##### DATASET EXCERPTS #####
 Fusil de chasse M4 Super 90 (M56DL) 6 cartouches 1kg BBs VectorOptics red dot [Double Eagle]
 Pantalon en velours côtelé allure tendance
#####
##### DATASET EXCERPTS #####
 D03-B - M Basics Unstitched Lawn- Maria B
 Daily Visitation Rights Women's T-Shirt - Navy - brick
#####
##### DATASET EXCERPTS #####
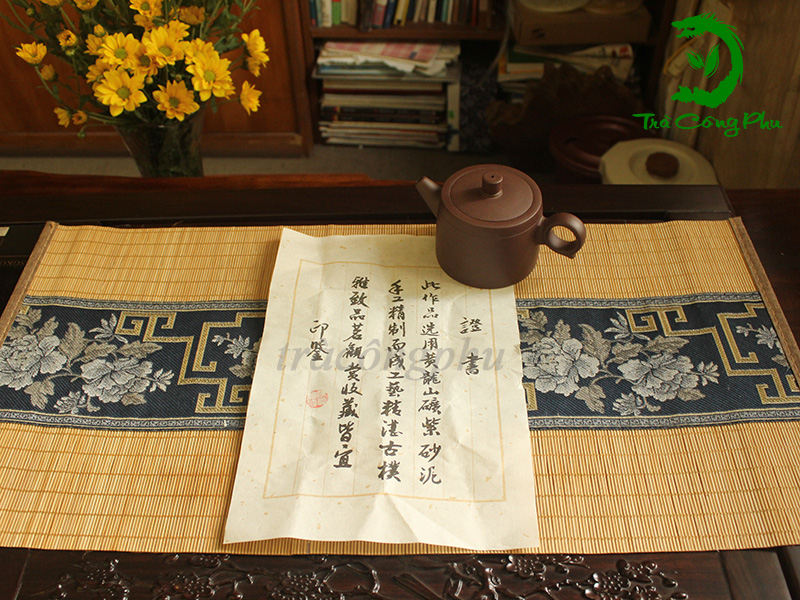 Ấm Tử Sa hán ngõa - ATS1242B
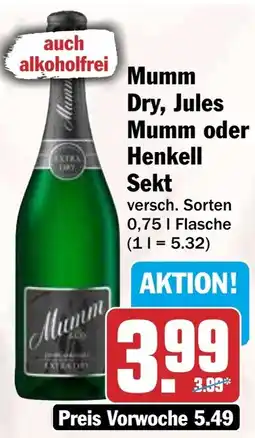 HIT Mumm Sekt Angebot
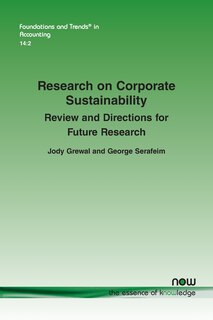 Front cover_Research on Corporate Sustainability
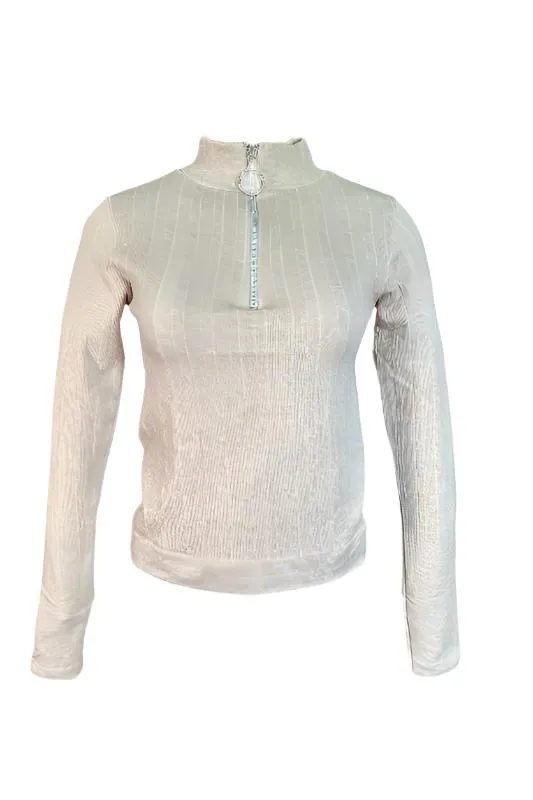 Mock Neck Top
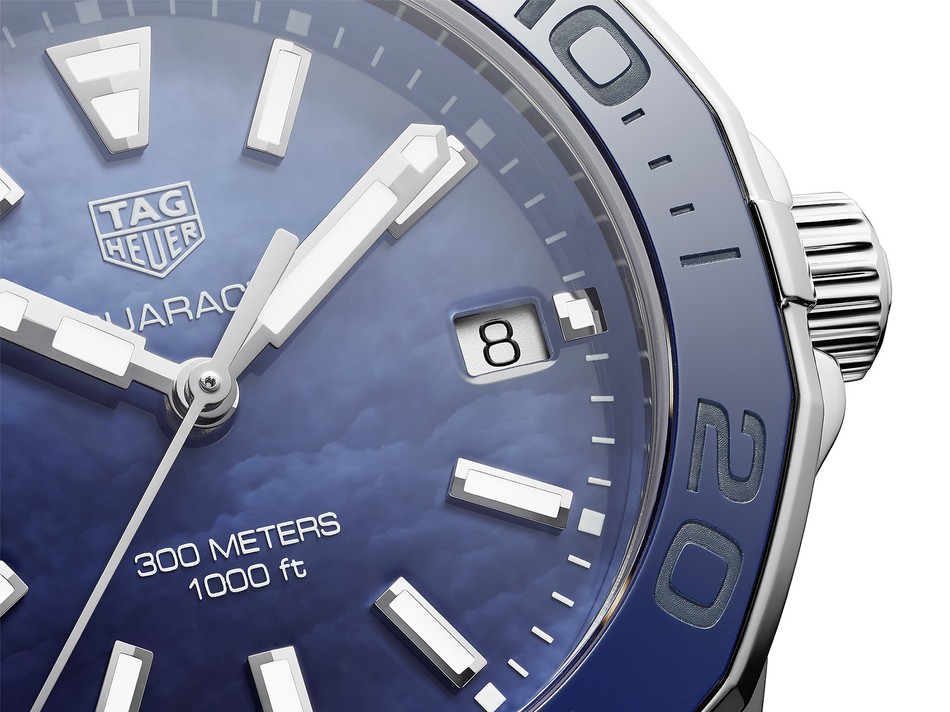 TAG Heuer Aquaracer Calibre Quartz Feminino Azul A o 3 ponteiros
#####
WHAT NEEDS TO BE DONE: Nothing but the lines above from the line with "HIT Mumm Sekt Angebot" up to and including the line with "TAG Heuer Aquaracer" should be returned, exactly as written and without pictures.

ANSWER SECTION:
 HIT Mumm Sekt Angebot
 Front cover_Research on Corporate Sustainability
 Mock Neck Top
 TAG Heuer Aquaracer Calibre Quartz Feminino Azul A o 3 ponteiros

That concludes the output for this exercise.